Genuine Affection

A writer in ‘Fast Company’ magazine recently suggested that companies that prosper over the long term don’t just offer good deals – they exude genuine affection for their customers.

I think this is true. I also think there’s a critical opportunity in there for the small to medium size business.

The smaller business is typically reliant on service to distinguish itself from its competitors and it is in the area of service delivery that affection for the customer – or its absence – is most keenly felt.

The larger business can build its brand through advertising that strikes an affectionate tone – the Bulmer’s ‘Nothing Added But Time’ and Bank of Ireland’s ‘Ask Not What Your County Can Do For You’ ads are classic pieces of communication that suggest a genuine fondness for the customer. Mind you, I find it intriguing that the Bank of Ireland seems to demonstrate a greater regard for the customer as GAA fan than as account holder. But that’s another story.

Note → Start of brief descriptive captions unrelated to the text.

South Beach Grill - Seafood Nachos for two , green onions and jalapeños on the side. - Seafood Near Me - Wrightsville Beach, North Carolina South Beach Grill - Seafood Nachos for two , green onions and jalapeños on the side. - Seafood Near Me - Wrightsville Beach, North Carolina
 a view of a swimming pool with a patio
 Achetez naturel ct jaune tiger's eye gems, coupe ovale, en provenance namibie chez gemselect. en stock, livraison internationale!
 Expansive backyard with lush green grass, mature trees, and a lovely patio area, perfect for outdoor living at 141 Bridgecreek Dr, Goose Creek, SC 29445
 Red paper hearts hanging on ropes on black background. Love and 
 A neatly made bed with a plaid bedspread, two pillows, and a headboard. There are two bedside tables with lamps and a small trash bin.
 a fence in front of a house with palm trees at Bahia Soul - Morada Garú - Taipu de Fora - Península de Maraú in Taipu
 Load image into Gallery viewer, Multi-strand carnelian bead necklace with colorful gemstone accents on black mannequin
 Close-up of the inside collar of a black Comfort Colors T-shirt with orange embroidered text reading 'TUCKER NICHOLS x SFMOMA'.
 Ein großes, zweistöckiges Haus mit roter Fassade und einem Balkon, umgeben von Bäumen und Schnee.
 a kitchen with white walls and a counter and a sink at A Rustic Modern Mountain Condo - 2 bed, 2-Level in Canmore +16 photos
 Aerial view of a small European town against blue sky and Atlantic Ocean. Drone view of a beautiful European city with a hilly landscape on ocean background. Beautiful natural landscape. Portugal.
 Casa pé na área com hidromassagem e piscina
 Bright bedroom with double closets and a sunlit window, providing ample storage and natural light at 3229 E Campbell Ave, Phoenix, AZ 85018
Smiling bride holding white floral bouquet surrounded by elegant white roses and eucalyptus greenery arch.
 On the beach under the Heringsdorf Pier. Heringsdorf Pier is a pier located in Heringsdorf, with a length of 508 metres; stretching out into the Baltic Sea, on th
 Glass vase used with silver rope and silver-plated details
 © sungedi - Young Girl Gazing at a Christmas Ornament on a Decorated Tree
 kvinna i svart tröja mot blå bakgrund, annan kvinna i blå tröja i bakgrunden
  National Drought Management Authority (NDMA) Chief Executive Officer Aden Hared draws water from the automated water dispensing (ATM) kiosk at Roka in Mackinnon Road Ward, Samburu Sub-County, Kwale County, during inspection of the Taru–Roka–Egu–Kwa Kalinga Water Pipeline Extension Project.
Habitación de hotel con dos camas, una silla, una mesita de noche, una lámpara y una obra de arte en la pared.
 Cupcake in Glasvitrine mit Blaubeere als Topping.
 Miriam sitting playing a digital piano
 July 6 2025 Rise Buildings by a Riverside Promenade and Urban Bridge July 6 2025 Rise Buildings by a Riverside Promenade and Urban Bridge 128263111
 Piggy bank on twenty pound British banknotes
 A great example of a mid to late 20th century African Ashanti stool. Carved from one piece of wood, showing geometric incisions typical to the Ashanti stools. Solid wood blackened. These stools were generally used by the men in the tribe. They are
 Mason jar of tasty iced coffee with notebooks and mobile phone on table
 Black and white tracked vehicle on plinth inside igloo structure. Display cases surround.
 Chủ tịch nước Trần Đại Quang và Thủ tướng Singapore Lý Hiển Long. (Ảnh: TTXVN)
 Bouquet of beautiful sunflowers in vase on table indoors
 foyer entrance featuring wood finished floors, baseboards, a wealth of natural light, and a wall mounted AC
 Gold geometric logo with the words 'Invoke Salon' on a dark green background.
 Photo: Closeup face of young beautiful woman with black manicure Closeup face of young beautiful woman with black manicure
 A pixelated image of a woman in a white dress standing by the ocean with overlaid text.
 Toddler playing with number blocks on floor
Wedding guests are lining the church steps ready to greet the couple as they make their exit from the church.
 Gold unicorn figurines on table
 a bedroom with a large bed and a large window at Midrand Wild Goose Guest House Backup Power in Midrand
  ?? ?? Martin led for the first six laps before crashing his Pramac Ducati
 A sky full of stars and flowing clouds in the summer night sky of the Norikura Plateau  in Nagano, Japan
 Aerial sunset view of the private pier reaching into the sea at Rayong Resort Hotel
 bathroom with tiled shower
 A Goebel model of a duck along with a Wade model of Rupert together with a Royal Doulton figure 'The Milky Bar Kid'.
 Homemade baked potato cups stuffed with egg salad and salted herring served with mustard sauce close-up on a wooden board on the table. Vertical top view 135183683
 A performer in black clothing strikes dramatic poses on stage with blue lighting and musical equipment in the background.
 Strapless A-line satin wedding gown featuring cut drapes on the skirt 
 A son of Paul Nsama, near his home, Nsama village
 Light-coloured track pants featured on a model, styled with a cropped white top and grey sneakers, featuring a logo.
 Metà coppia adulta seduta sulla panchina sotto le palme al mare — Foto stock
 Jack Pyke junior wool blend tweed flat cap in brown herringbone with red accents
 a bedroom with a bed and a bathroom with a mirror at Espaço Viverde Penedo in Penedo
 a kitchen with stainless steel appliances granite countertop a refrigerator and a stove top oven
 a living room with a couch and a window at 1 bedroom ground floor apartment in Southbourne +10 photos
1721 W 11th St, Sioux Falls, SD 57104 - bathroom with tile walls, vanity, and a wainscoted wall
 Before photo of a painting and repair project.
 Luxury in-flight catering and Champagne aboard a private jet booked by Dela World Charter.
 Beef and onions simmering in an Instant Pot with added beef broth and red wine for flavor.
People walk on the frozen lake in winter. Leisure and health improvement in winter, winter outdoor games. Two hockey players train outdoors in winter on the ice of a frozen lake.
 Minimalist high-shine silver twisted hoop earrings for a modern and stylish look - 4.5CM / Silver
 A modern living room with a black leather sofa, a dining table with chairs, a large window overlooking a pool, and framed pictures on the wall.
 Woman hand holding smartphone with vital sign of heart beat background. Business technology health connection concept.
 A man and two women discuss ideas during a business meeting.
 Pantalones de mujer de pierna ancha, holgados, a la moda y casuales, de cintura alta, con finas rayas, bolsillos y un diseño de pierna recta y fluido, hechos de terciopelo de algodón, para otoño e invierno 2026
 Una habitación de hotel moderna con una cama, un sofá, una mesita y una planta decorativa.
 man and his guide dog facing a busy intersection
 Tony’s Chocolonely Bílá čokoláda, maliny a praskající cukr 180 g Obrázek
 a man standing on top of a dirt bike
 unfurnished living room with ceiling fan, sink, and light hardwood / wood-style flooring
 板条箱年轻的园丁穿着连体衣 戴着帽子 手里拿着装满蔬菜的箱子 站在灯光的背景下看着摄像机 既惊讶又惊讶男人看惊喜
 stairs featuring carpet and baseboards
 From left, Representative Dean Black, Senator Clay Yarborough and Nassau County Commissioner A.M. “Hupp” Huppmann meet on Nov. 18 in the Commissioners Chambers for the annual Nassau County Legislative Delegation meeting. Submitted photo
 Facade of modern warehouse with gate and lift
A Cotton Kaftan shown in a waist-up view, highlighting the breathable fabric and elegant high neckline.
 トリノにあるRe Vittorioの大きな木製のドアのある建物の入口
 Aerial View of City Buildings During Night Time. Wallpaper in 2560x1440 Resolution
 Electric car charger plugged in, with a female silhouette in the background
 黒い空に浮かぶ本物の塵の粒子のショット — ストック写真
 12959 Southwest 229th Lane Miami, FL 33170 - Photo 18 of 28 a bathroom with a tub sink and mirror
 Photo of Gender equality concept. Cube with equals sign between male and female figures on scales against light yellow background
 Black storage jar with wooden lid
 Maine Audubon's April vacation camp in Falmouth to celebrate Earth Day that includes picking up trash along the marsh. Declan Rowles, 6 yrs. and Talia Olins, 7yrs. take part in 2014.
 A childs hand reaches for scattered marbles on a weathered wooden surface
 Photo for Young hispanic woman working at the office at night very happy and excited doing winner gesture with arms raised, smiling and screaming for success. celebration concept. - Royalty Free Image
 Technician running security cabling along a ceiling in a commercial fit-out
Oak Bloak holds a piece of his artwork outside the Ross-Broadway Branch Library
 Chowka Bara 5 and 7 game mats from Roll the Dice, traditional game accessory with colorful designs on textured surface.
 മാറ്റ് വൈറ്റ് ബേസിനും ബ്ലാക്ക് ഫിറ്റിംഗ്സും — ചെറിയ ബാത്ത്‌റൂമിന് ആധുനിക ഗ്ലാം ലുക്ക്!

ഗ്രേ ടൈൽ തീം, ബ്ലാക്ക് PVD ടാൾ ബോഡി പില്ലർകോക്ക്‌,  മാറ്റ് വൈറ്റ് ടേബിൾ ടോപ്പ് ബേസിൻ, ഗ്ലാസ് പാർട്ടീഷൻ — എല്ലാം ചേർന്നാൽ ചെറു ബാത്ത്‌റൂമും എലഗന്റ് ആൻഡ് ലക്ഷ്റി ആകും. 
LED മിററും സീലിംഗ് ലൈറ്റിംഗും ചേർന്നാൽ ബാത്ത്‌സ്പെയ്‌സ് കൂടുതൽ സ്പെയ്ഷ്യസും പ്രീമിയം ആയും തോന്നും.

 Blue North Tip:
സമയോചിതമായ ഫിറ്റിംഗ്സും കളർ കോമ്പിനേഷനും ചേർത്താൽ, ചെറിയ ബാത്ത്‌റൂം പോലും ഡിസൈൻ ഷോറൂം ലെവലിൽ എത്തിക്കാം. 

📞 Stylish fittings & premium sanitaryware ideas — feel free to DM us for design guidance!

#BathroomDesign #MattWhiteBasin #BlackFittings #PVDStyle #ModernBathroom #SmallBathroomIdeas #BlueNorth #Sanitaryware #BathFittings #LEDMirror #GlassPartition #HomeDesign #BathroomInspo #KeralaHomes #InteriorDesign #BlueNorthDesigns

Despite the efforts of these and many other excellent advertising campaigns, it is difficult for a large business to express affection for its customer in a consistent and credible manner. Superquinn, which once demonstrated extraordinary levels of affection, is learning this to its cost, as it seeks to extend its reach and grow its customer base.

The smaller business has the opportunity to demonstrate affection in a much more immediate way. And yet relatively few of them do. Very often the smaller business is focused so much on product and the mechanics of service that there is little affection in evidence. On the contrary, a great number of relationships with the customer seem to be driven by fear, with the overriding tone one of hostility, condescension or even contempt.

In these circumstances, the customer is often regarded as adversary, a demanding force that must be placated at any cost. Even when this feeling towards the customer remains unspoken, it defines the relationship. Whether the customer consciously acknowledges it or not, it is keenly felt, because it is almost impossible to fake affection on an ongoing basis.

The challenge for the business owner is to establish a relationship that enables real affection for the customer to shine through. In this model, the customer is regarded as partner, co-conspirator, and honoured guest and becomes as committed to the prosperity of the business as the business owner herself.